DIRECTIONS
In the listing below, the lines starting at the line with "#绿色 #淫妻 #口爆 https://t.co/DYNWAdutoF" and ending at the line with "Bathroom 4, Hotel" are to be output verbatim. Images stay out of the copy.

LISTED ENTRIES

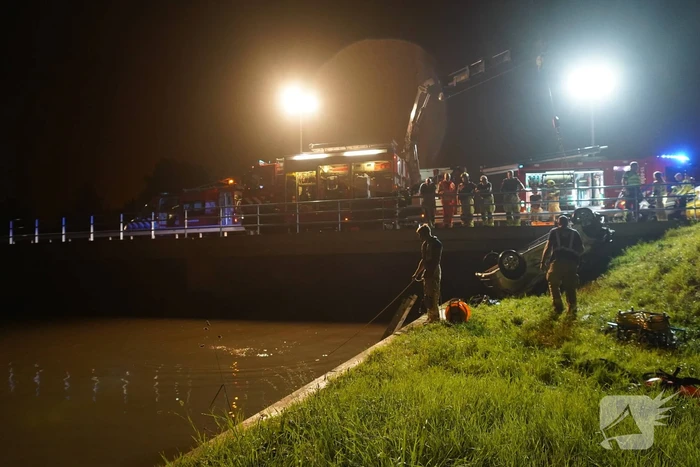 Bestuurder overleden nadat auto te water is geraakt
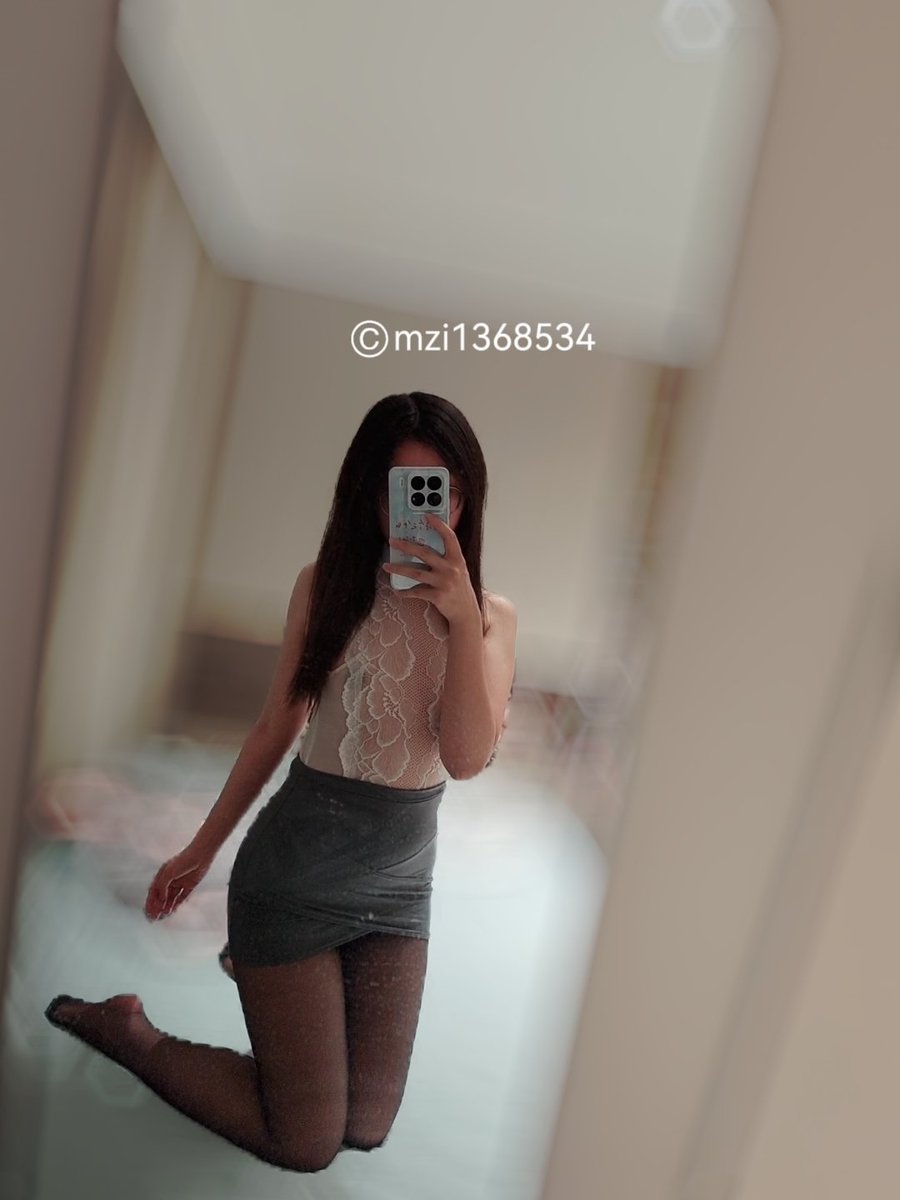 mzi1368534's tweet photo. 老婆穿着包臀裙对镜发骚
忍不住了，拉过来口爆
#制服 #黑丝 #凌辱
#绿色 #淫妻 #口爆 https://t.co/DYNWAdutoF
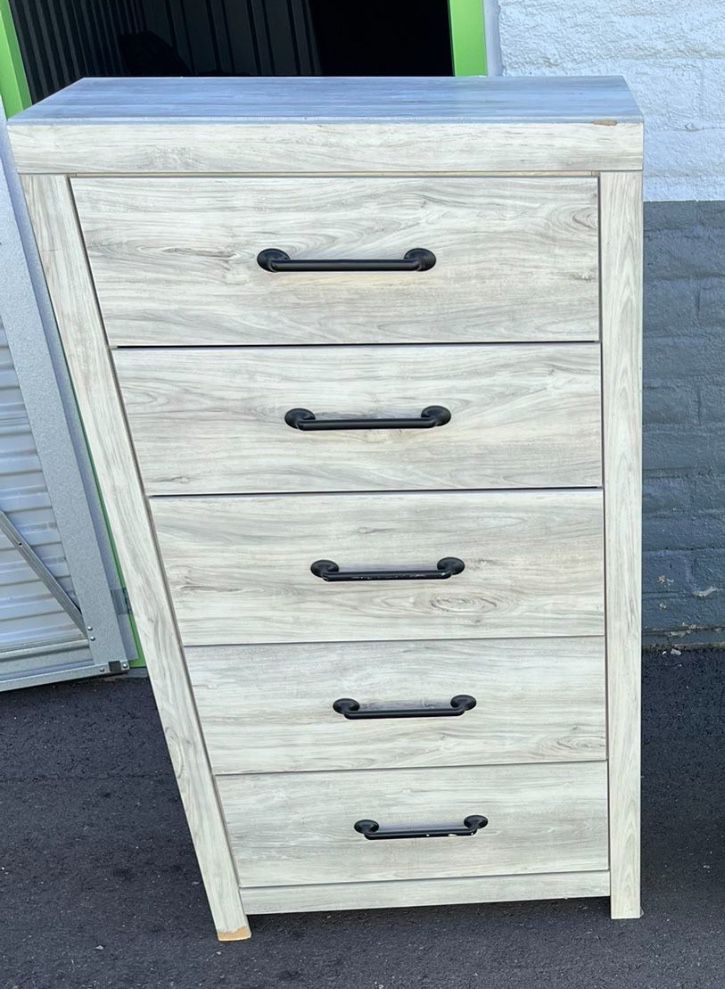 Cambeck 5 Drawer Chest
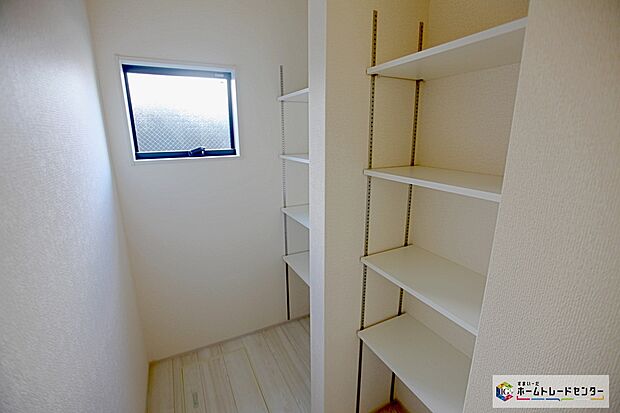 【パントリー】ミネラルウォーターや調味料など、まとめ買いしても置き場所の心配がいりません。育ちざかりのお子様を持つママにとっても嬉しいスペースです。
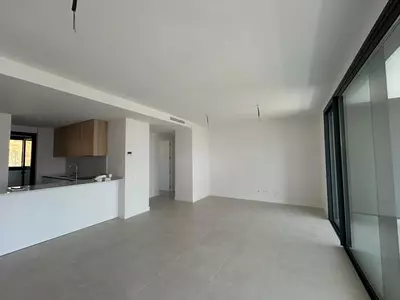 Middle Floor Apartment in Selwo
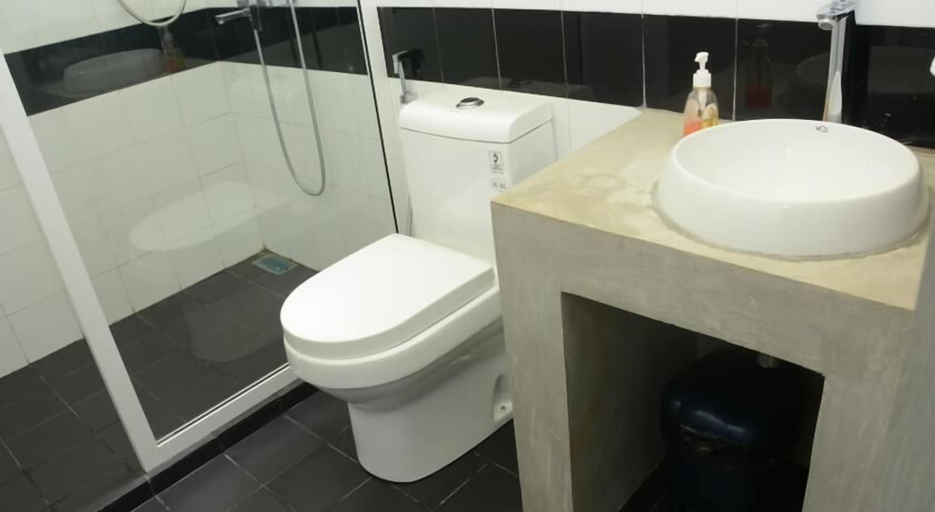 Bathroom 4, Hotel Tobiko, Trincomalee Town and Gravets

...

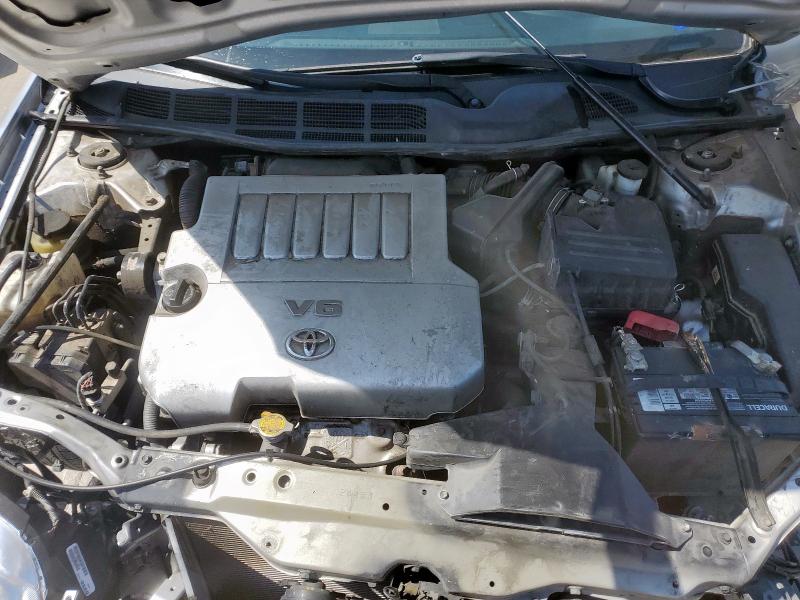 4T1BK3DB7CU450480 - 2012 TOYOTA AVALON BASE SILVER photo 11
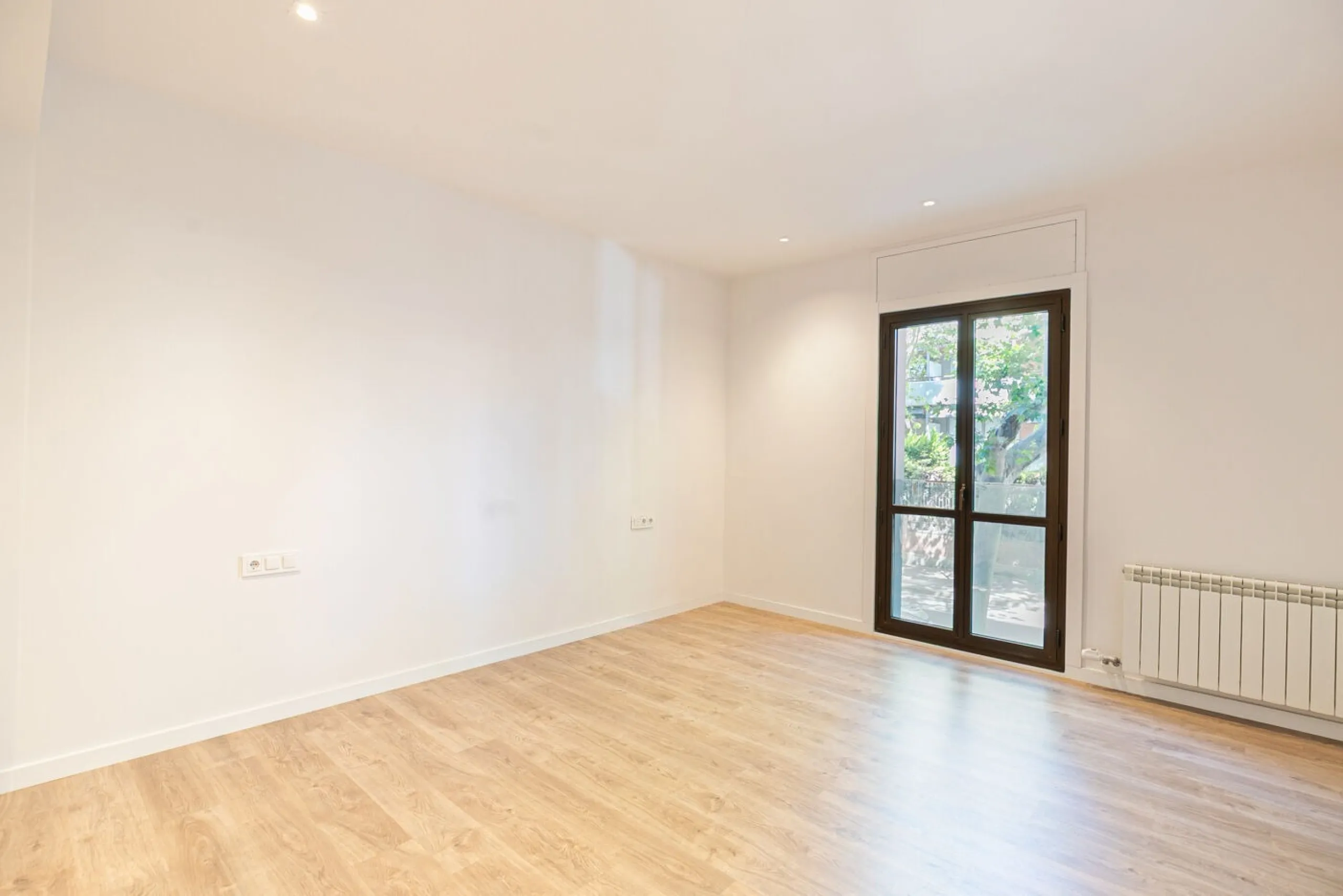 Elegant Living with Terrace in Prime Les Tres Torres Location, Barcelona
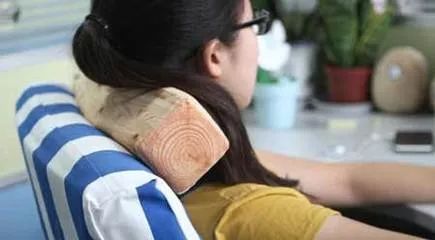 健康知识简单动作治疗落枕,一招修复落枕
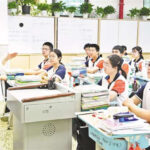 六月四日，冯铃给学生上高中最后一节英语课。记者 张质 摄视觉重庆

* * *

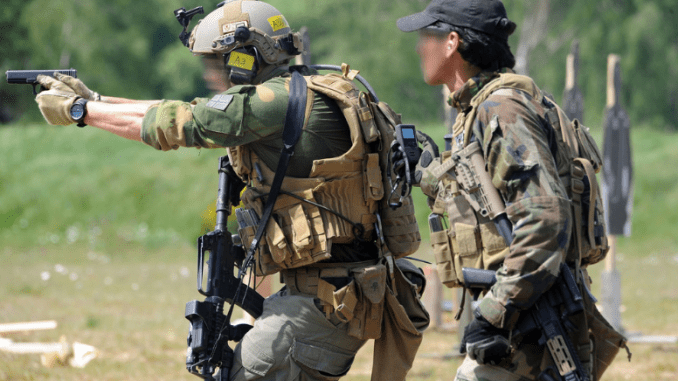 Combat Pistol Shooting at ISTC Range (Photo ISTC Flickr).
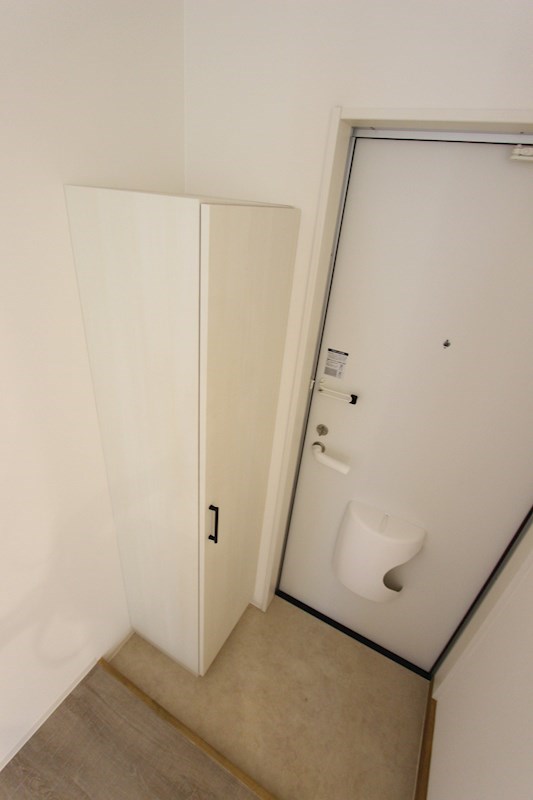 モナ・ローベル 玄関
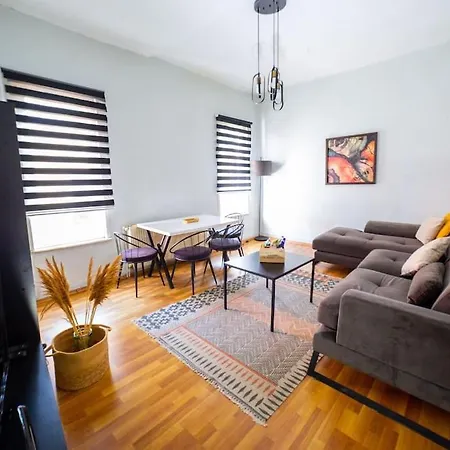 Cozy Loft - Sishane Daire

WRITTEN RESPONSE
#绿色 #淫妻 #口爆 https://t.co/DYNWAdutoF
 Cambeck 5 Drawer Chest
 【パントリー】ミネラルウォーターや調味料など、まとめ買いしても置き場所の心配がいりません。育ちざかりのお子様を持つママにとっても嬉しいスペースです。
 Middle Floor Apartment in Selwo
 Bathroom 4, Hotel Tobiko, Trincomalee Town and Gravets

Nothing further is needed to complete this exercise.